Questions from Investors: “Can an investor make money in ‘high-priced’ stocks?”

Q:  “Can an investor make money in ‘high-priced’ stocks?”

A:  In the investment world, the tidbits of advice that you get from relatives and co-workers are so consistently wrong that a person could probably make a lot of money doing the opposite of “what people say”.  When people tell me that they “don’t buy high-priced stocks”, or stocks over a certain dollar amount, I know immediately that they are a naive investor who can’t get out of their own way in order to make money.

The price of a stock is just one of many factors that goes into a buying decision.  A $100 stock, for example, could be undervalued or overvalued, depending on the earnings per share, the earnings growth rate, the company’s success with its products, the debt ratio, and more.  More specifically, a $10.00 stock with three years of losses, on the verge of bankruptcy, would be overvalued.  A $300 stock with earnings per share of $60.00, a PE of 5, and projected earnings growth of 12% per year would be undervalued.

More importantly, what makes these stocks go up?  “More buyers than sellers.”  And who buys in large enough quantities to influence share price movement?  Professional investors, financial companies, mutual funds.  You will never hear professional investment managers say, “We don’t buy high-priced stocks” because they know there’s no financial logic in that statement.  They will use their established investment strategies to assess stocks, and the strategy will tell them whether MasterCard Inc. is cheap or expensive at $540 per share.  And then they will buy or sell accordingly.
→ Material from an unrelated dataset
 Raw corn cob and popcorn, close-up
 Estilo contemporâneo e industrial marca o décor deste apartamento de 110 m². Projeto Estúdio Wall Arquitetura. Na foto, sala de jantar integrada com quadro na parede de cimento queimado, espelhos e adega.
If it were true that “high-priced stocks are too expensive”, then companies with high-priced stocks would routinely split their stocks, thereby lowering the price.  But none of the math changes.  It’s hocus-pocus; a strategy that big companies employ to make investors happy, because they know that investors are naive enough to believe that cutting the price in half actually has meaning.

There is also the mistaken belief on the part of new investors that “a $100 stock can’t go up as much as a $10 stock”.  Nonsense.  All company factors being equal, you will make exactly as many DOLLARS on a $5000 investment in a $100 stock as you will on a $5000 investment in a $30 stock.  The number of shares you own is not a factor; it’s the dollar amount invested that determines how many dollars you will make.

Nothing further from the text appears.